Our workshop was called Food and the Future of Rural Communities and was an amalgam of two that had been proposed on the Ark of Taste and Rural Development. There was a good number at it, some 20 or so, quite healthy considering that there were nearly 40 other workshops running concurrently. Aveen Henry from UCC and the Commissioner of the Ark made a fine job of steering the debate towards a few tightly defined recommendations. I think it was a pity that the Ark itself was sidelined as the discussion threaded its way through bigger picture issues  – particularly difficulties that small artisan food producers face in dealing with regulators and the problems for farmers in getting a decent price for their produce. To my mind we never quite bridged the gap between these two. My own hobby horse of strengthening our food culture, particularly through education and local initiatives, seemed a hard sell to farmers who realistically are getting the same price for milk now as they got 20 years ago and have faced massive cost increases in the meantime and anyway 90% of their produce is exported. Likewise, as one contributor from Midleton pointed out, people don’t just switch over to paying more for quality local produce once they’ve been enlightened on the subject. She pointed out that between the high profile farmers market and the strong profile of the Allens in the area, awareness of quality food is high in Midleton. Yet since the farmers market has opened the town has seen the arrival of a huge 24 hour Tesco, Lidl, McDonalds and Aldi, all of which are flying. We came up with 3 requests – firstly, a national database, secondly, funding for local iniatives, patricularly to build relationships and educate each other and finally, dedicated agency staff trained to deal with and understand the small food sector. I’d like to have seen something about below cost selling and some balance to the power of retailers but couldn’t articulate any solution.

After lunch we all assembled in the large conference hall, which really felt like a piece of the Turin event – huge, colourful, bedecked with nice photos and graphics and full of an amazing array of people from all elements of food and agriculture. It was only when I got into the hall that I realised the scale of the event – there were close to 1000 people assembled. Prof Kieran Byrne, director of Waterford Institute gave an inspiring speech about getting back to what we do well in the years ahead. Then each workshop got to present their conclusions to the two ministers – Trevor Sargent and Michelle Gildernew, from the North. These 2 in turn then responded – both speaking very positively and indeed reassuringly – Min Sargent gave a firm guarantee that Ireland will be safeguarded from GM crops and animals. Then President McAleese arrived and then warmth of her relationship with Darina Allen was very evident – she actually has her own vegetable garden and hens at the Aras – excellent! Unfortuately, we didn’t get to hear from Carlo Petrini, he was clearly not feeling the best.

Then it was over and we dispersed and if I’m honest I feel a little dissatisfied. Yes, it was a superb event and yes, we all got listened to. But I’m not convinced that talking to the Green Party Minister for Food about the problems in food and agriculture is going to fix it.
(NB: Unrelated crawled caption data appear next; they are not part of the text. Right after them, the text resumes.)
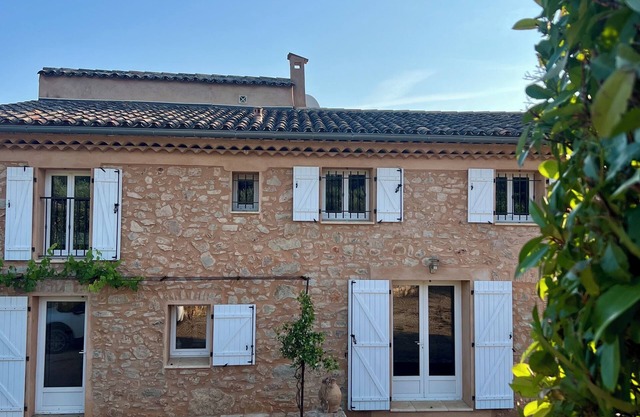Les Clairians, casa en los viñedos, piscina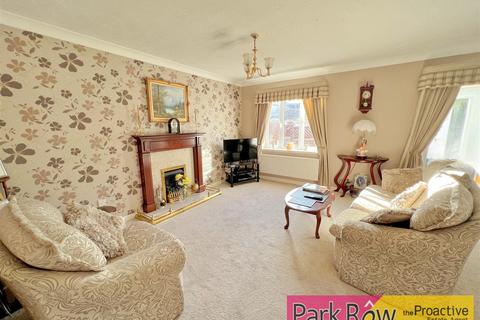 3 bedroom detached house for sale - Willowbank Drive, Pontefract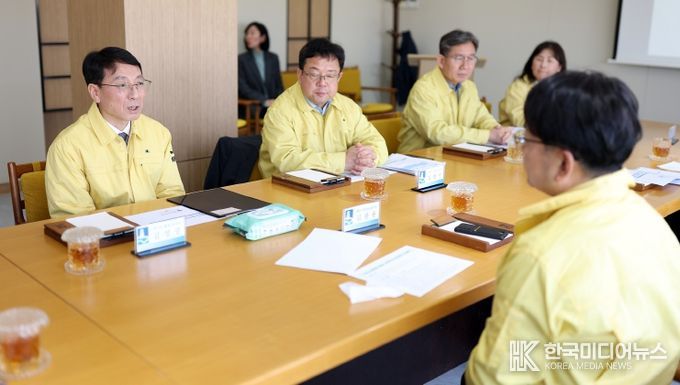 경기도 행정1부지사·행안부 재난안전관리본부장, 화성행궁 해빙기 현장점검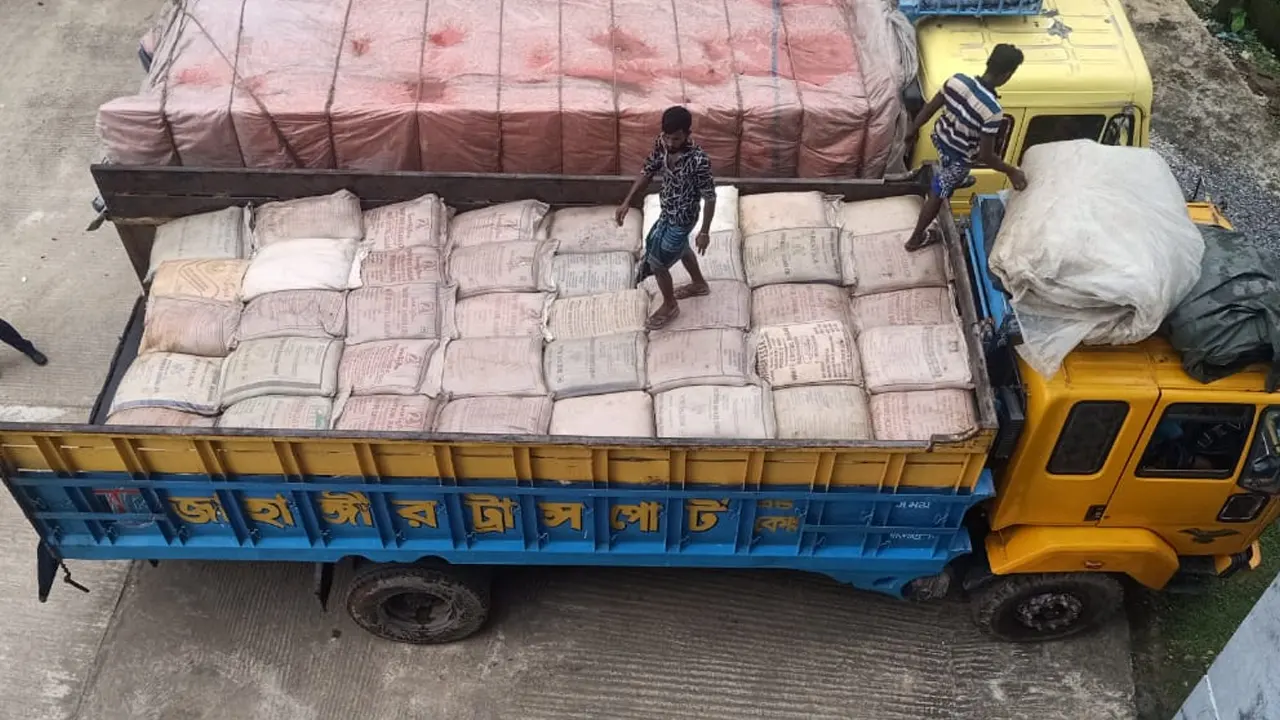 জব্দ করা চিনিসহ ট্রাক। ছবি : কালবেলা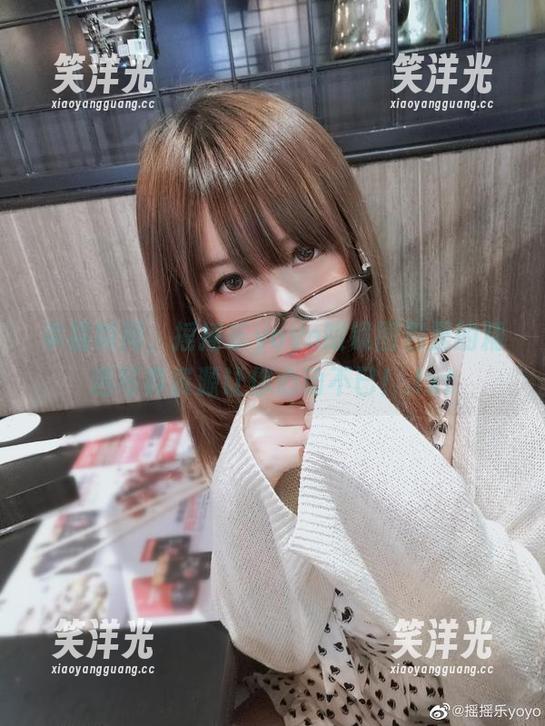 摇摇乐yoyo 幸福瞬间,摇摇乐yoyo眼镜图包里的精选写真资源让你心动不已!.txt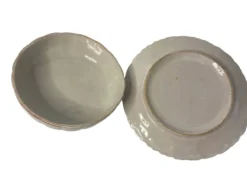 Nevers, cloche à fromage ou beurrier en faïence fleurie début XXème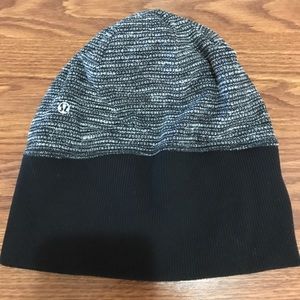 Lululemon reversible Run With Me beanie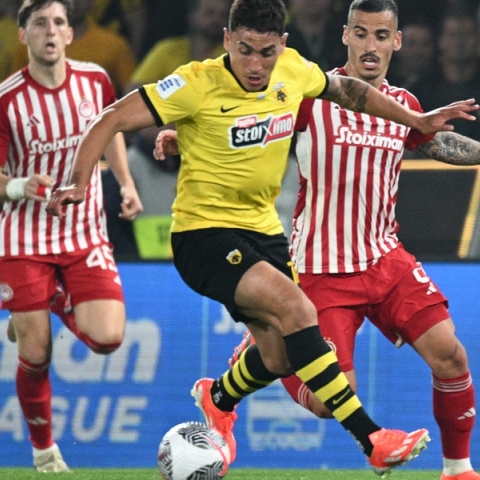 Παίκτες Ολυμπιακού και ΑΕΚ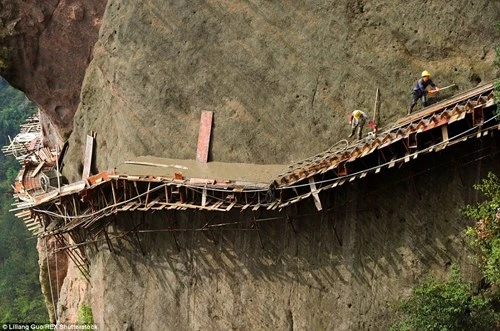 'Bán mạng' xây dựng con đường nguy hiểm nhất Trung Quốc ảnh 8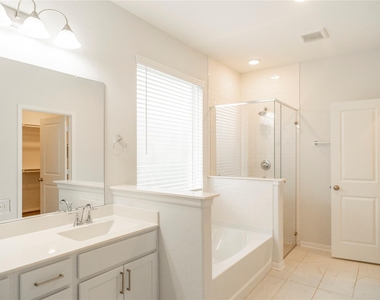 208 Cambria Green Lane - Photo Thumbnail 19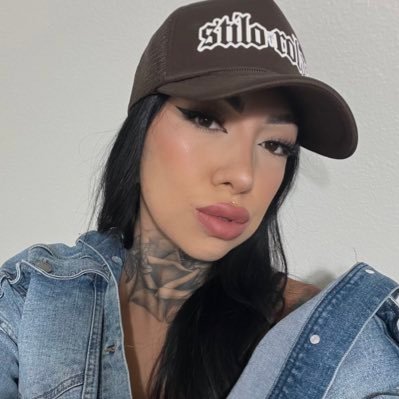 𝚈𝚘𝚞 𝚜𝚊𝚢 𝚢𝚘𝚞 𝚠𝚊𝚗𝚗𝚊 𝚜𝚝𝚊𝚢 𝚋𝚢 𝚖𝚢 𝚜𝚒𝚍𝚎? 𝙳𝚊𝚛𝚕𝚒𝚗𝚐 𝚢𝚘𝚞𝚛 𝚑𝚎𝚊𝚍𝚜 𝚗𝚘𝚝 𝚛𝚒𝚐𝚑𝚝.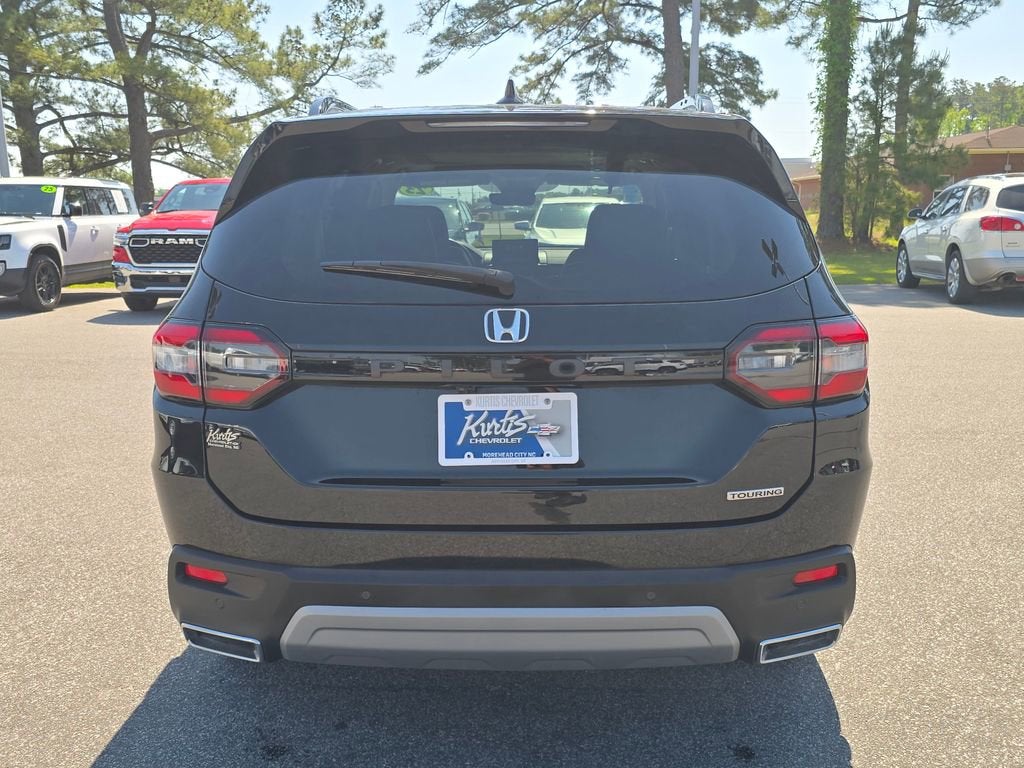 2023 Honda Pilot Touring
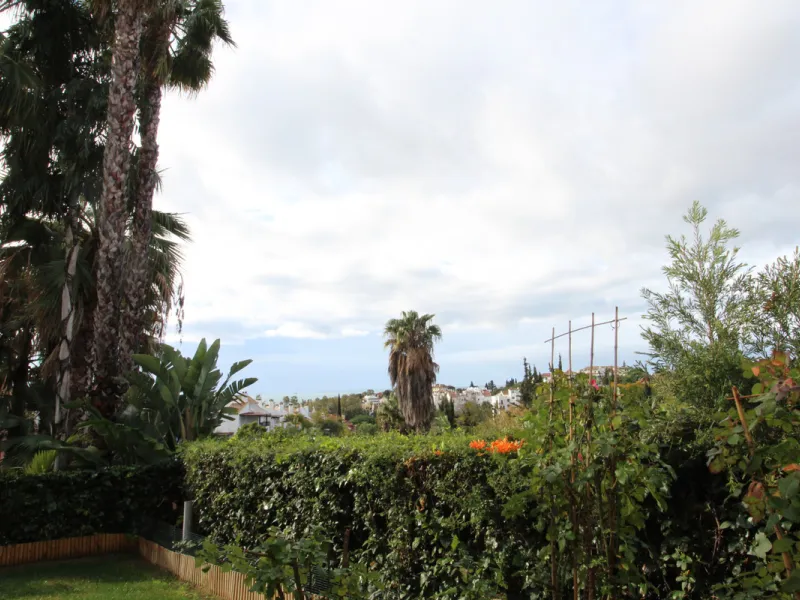 House - Semi-Detached House в продаже в Marbella, Málaga. В доме 3 спален и 3 ванных комнат. Площадь дома 431 м². Площадь участка 100 м²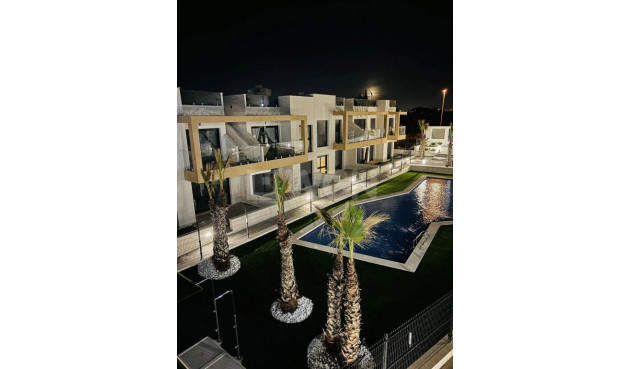 Wiederverkauf - Wohnung - Las Filipinas - Inland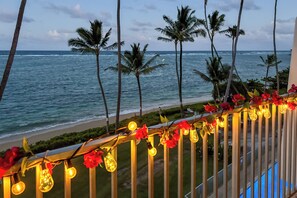 Property grounds - Oceanfront Condo: Stunning Sunrise & Ocean Views (Hauula)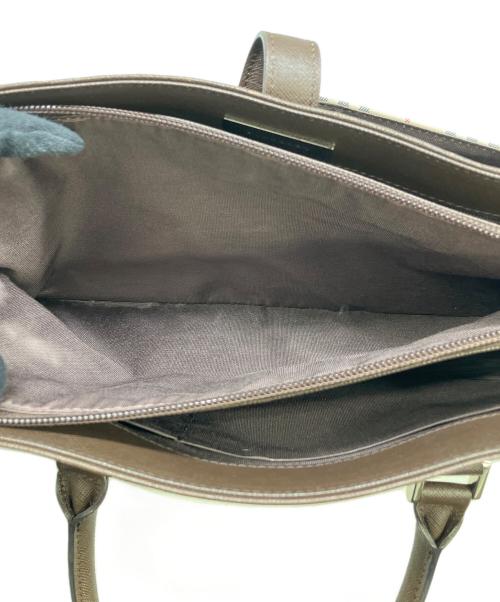 BURBERRY（バーバリー）BURBERRY (バーバリー) ハンドバッグ アイボリーの古着・服飾アイテム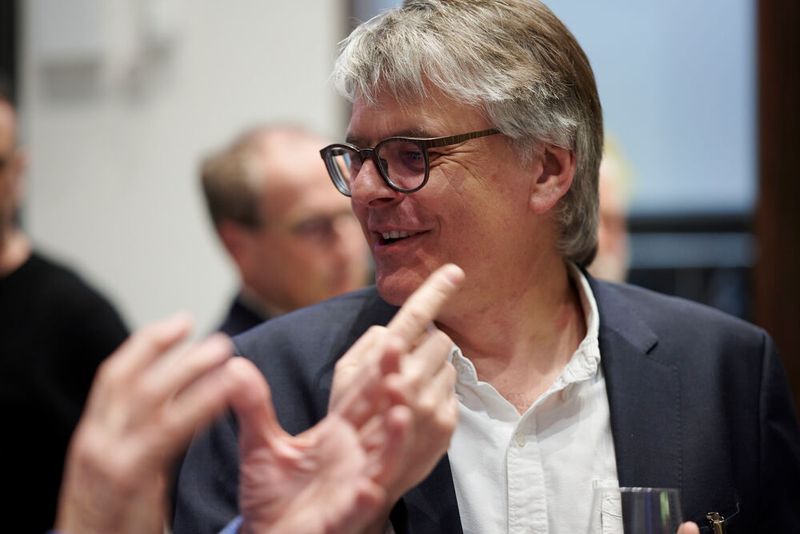 Impressionen vom ELEKTRONIKPRAXIS Frühlingsfest 2023 im Ketterer Kunst mit der Verabschiedung von Johann Wiesböck.  (Bild: © EYE AM CHRIS)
So many of the problems we discussed about food and rural development are enmeshed in other issues and the solutions are incredibly complex. Most of all they are hard to articulate and require the co-operation of many different parties – it’s not all about food culture.

If you’d looking for a  fuller picture Caroline Hennessy at bibliocook has compiled all of the recent posts about Terra Madre Ireland here.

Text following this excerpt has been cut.